Иную инициативу в плане реформ предприняли итальянские бенедиктинцы. Она, как ни странно, исходила от молодого аристократа Людовико Барбо, который, вопреки привычному ходу вещей, сам сделался из коммендатора монахом. Он стремился создать ассоциацию итальянских бенедиктинских монастырей, подобную той, какую прежде создали английские бенедиктинцы, и объединил несколько обителей в Конгрегацию, которая после того, как к ней в 1505 году присоединилось древнее аббатство Монте-Кассино, стала известна как Конгрегация Кассинезе. Конгрегация разработала собственный подход к молитвенной жизни, основанный на размышлениях и созерцании, мистике и учености. Она проявила интерес к духовности «Нового благочестия», но с 1480-х годов представители Кассинезе также начали исследовать Библию и сочинения авторов времен ранней Церкви, восторгаясь (что необычно для западных христиан того времени) идеями греческих богословов Антиохийской Церкви, особенно Иоанна Златоуста. Организация Кассинезе произвела большое впечатление на Фердинанда и Изабеллу, и в Испании, наряду с итальянской, возникла еще одна конгрегация бенедиктинцев.

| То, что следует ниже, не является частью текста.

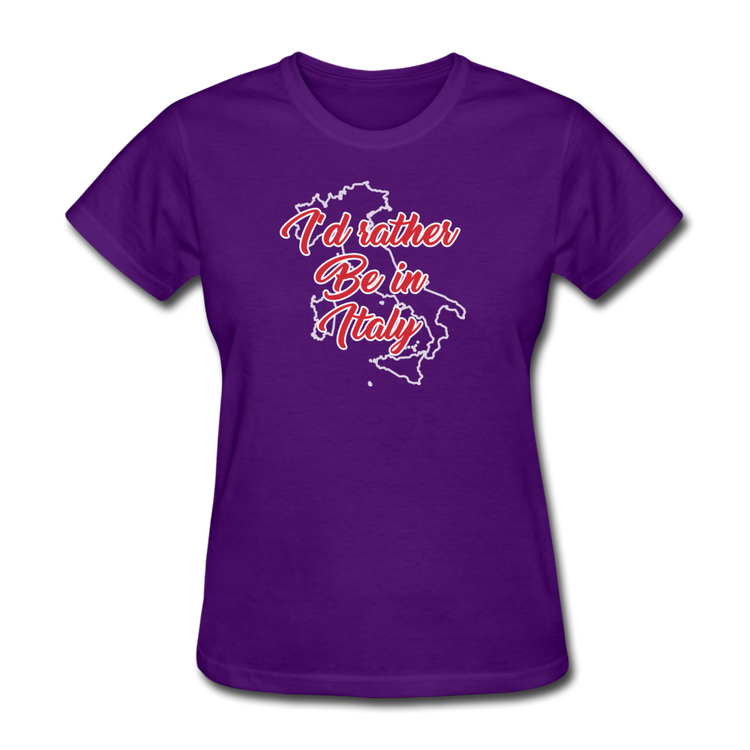 I'd rather be in Italy Women's T-Shirt - purple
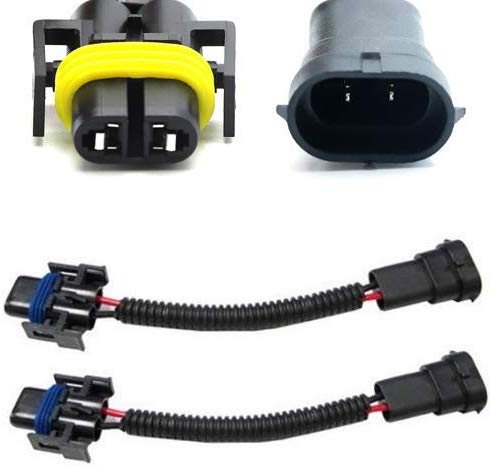 iJDMTOY (2) H11 H8 H9 Extension Wiring Harness Sockets Wires For Headlights or Fog Lights Use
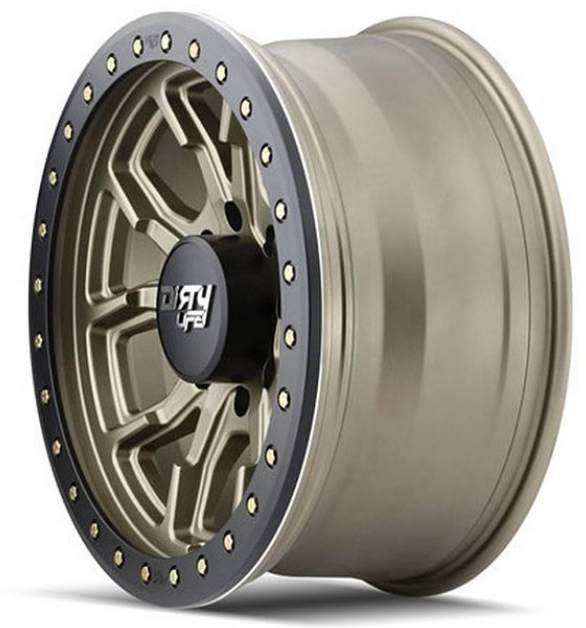 Dirty Life Wheels DT-1 DUAL-TE Satin Gold Black Lip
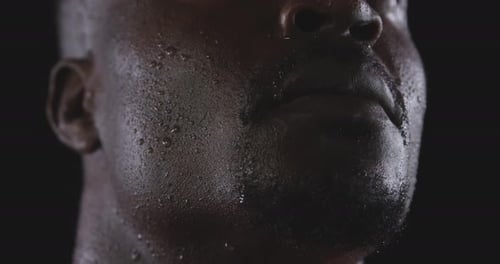 Athletic man after exercise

Личности отдельных предводителей монашества покажут нам, сколь сложна была жизнь реформатора в эпоху самых разных надежд и страхов – и как много было в ней различных путей. Эгидио да Витербо решительно проявлял себя на руководящих постах в Церкви: с 1507 года, на протяжении более чем десяти лет – как генерал-приор августинцев-каноников, с 1517 года – как кардинал, а с 1523-го – как епископ Витербо; он был заметным участником довольно сложных споров Пятого Латеранского Собора – именно он призвал к реформам в его начале и впоследствии оставался одним из самых громких голосов Собора, когда, например, осуждал «безбожные» взгляды преподавателей Падуанского университета, размышлявших о том, бессмертна ли душа. Его рвение к реформам и дипломатия, проявленная на фоне распрей, раздиравших орден августинцев, впечатлили молодого Мартина Лютера, когда будущий реформатор в 1511 году посещал Рим. Эгидио был и ученым-гуманистом, страстно восторгался еврейской Каббалой и был очарован заново открытой герметической традицией. Ревностный защитник Иоганна Рейхлина в его несчастьях, он настаивал на том, что иврит был единственным священным языком, позволявшим встретиться с Богом, и что даже греческий язык исказил божественное послание; в своем изучении священных текстов он, в чем-то подобно гностикам, искал тайный смысл, доступный лишь немногим избранным.
Такой взгляд на христианское гуманистическое просвещение значительно отличался от обращенного к обычным людям призыва Эразма читать Библию, идя за плугом, – призыва, который с таким восторгом восприняли протестанты. Образ мыслей Эгидио был полон противоречий. Как истинный гуманист, он расценивал союз императора Константина с Церковью как начало разложения и обмирщения христианства, но при этом восторгался великолепием и пышностью своего ордена. Равно так же он приходил в ярость при мысли о том, что епископы будут вмешиваться в дела августинцев, хотя именно установление такого надзора было одной из главных забот Латеранского Собора. Возможно, самым долговечным последствием его постоянной пропаганды церковных реформ было, как ни парадоксально, то, что многие члены его ордена стали меньше бояться самой идеи преобразований, когда протестантские реформаторы выступили вперед со своими планами перемен [53].